Rising at 05:30 and on the road by 06:30, I hoped to reach St Louis by 9am, but I hadn`t realised how large Missouri is. It took four hours to cross the state, arriving in the bustling city while it was still cool.
I went to the world-famous Arch, officially title the Jefferson Westward Expansion Memorial, which is a beautiful 1960s steel arch on the banks of the Mississippi. Perhaps in the 60s, like with so many Worlds Fair sites, they all anticipated we`d be happy to travel in tiny bubble-shaped vehicles, and so installed a set of such devices to haul tourists up to the top. The 4.5-foot capsule rode up a curved track inside the arch and brought me to the observation deck for great views vertically downwards over the river and the city.
The Mississippi, as far upstream as we were, is already huge, fast-flowing, and of a thick brown consistency. It was possible to see logs and other flotsam wending its way towards New Orleans at quite a pace.
The rest of the drive was long and boring.

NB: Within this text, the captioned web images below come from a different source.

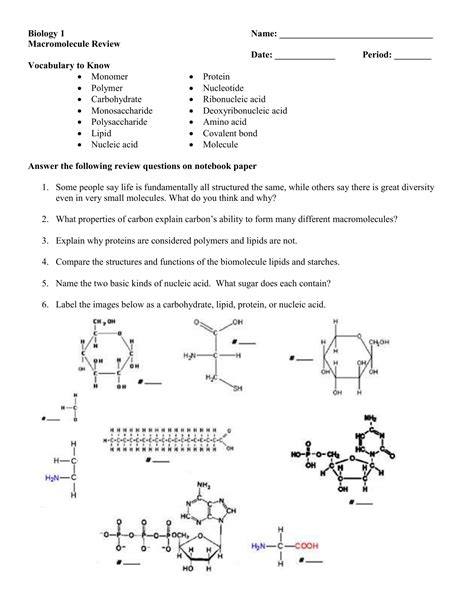 high school macromolecules worksheet answers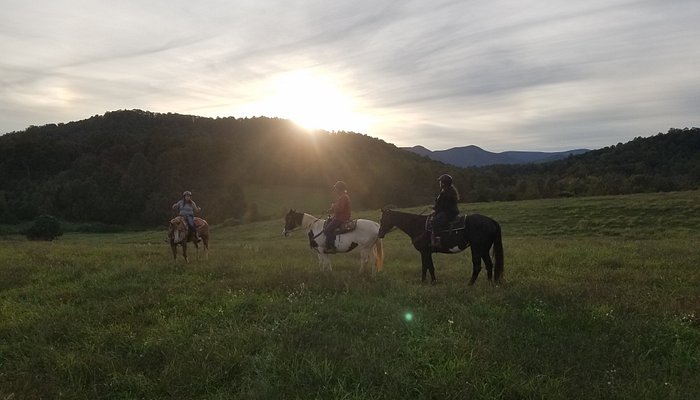 Fieldstone Trails, Llc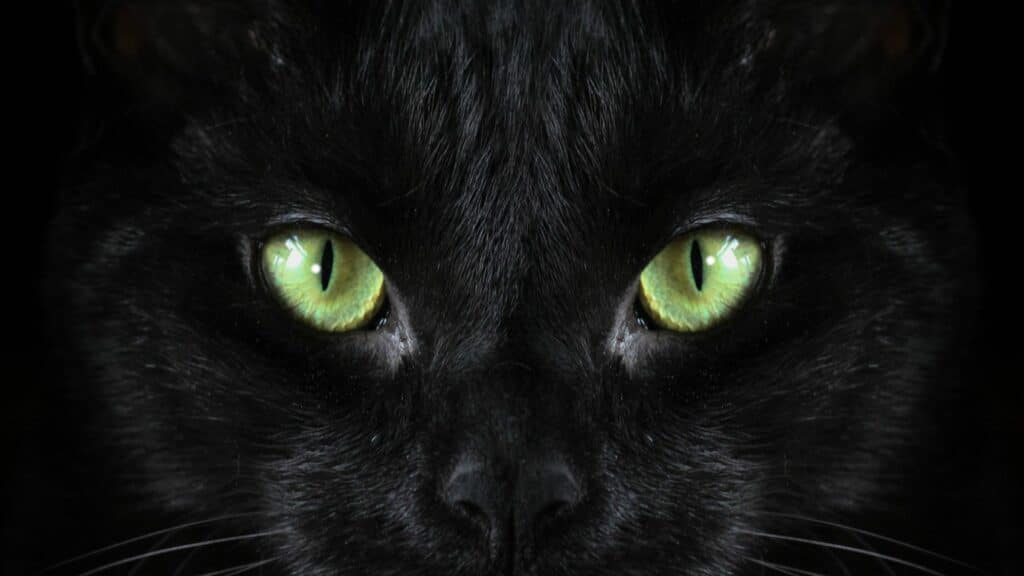 Imagem focada nos olhos verdes de uma gato preto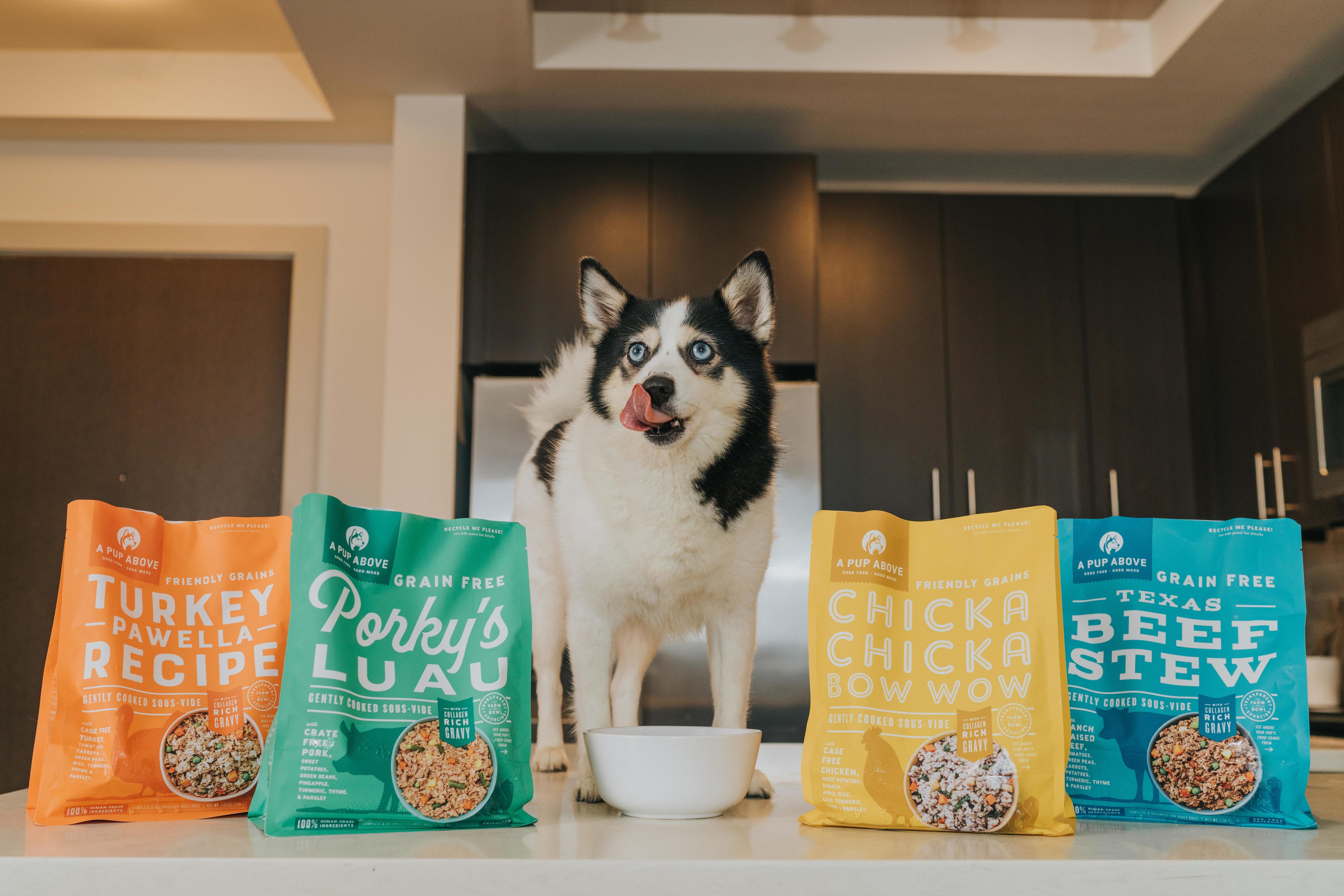 What is human-grade dog food?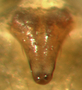 Tachygyna ursina female epigynum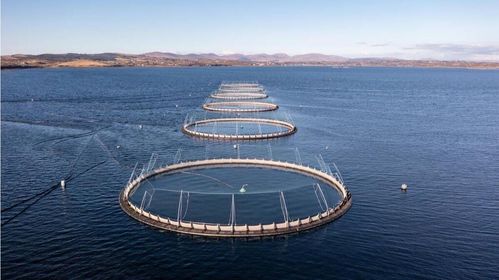 去了挪威才知道的那些奇妙事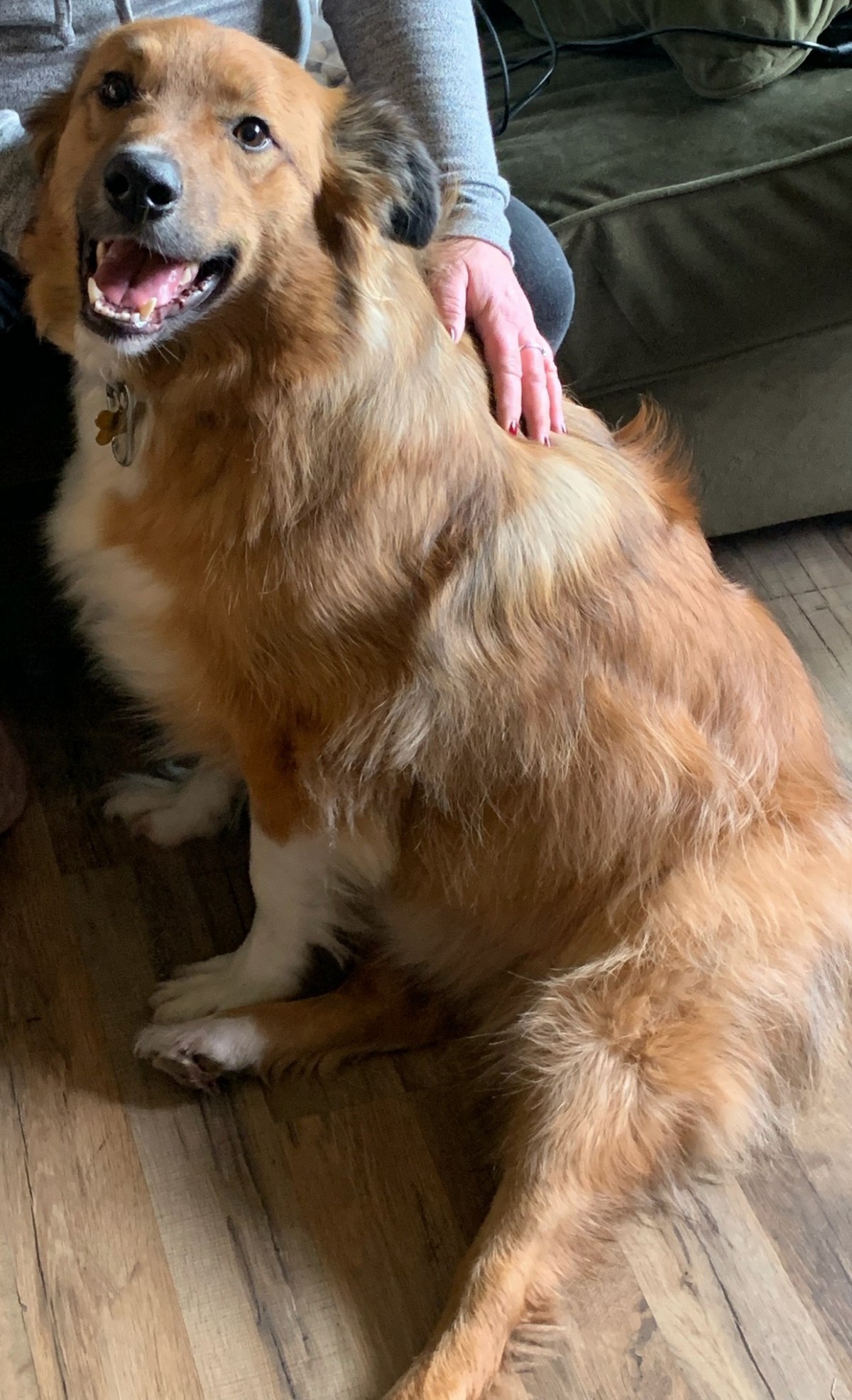 San Jose Ca Australian Shepherd Meet Levi A Pet For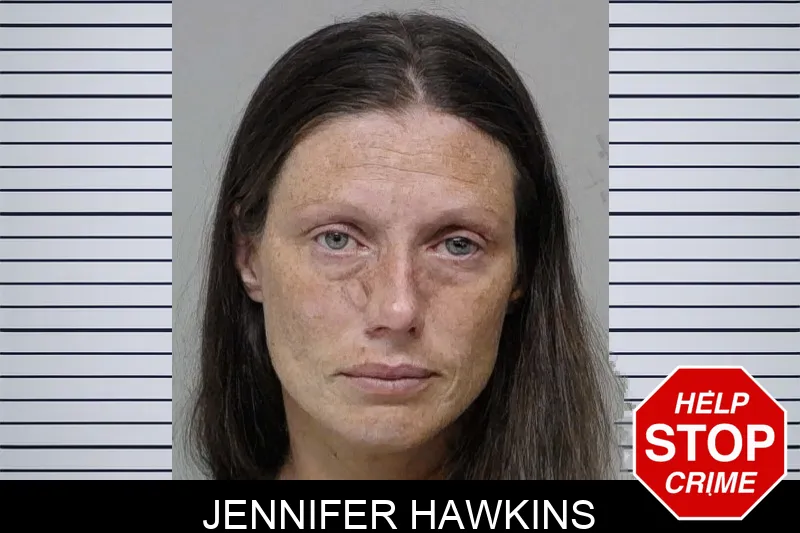 Jennifer Hawkins mugshot – Bibb County , Georgia Jennifer Hawkins mugshot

I crossed 6 states: Kansas (my route through Kansas City took me back into Kansas), Missouri, Illinois, Kentucky, Tennessee and finally Georgia. The trip was 800 miles and is the longest I have ever driven and possibly ever will. I`ll certainly never complain or even think twice about a drive to Scotland or the Alps. I can handle anything now. For comparison, 800 miles is the same distance as John O`Groats to Truro, Cornwall (I needed only another 35 miles to have reached the same distance as to Land`s End); from Atlanta to Trenton, NJ; or Budapest to Geneve.

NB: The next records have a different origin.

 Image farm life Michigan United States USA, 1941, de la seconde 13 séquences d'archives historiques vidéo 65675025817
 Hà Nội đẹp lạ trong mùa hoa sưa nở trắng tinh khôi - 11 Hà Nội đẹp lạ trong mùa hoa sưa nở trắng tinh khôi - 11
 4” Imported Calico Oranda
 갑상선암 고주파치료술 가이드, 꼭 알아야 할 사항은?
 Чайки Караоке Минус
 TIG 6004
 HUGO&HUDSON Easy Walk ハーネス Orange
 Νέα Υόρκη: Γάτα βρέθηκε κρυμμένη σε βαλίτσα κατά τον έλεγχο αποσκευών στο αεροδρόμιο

I arrived back Chez Searle gone 10pm, one helluva long day. It was wonderful to be greeted by friendly faces and to have a hug containing genuine affection after so long with emptiness. I was exhaused but wired from the drive and two whole bottles of Five Hour Energy, so champage and beer was just the ticket.
I am about to unpack the car and prepare it for sale, after which I will write my conclusions about the trip.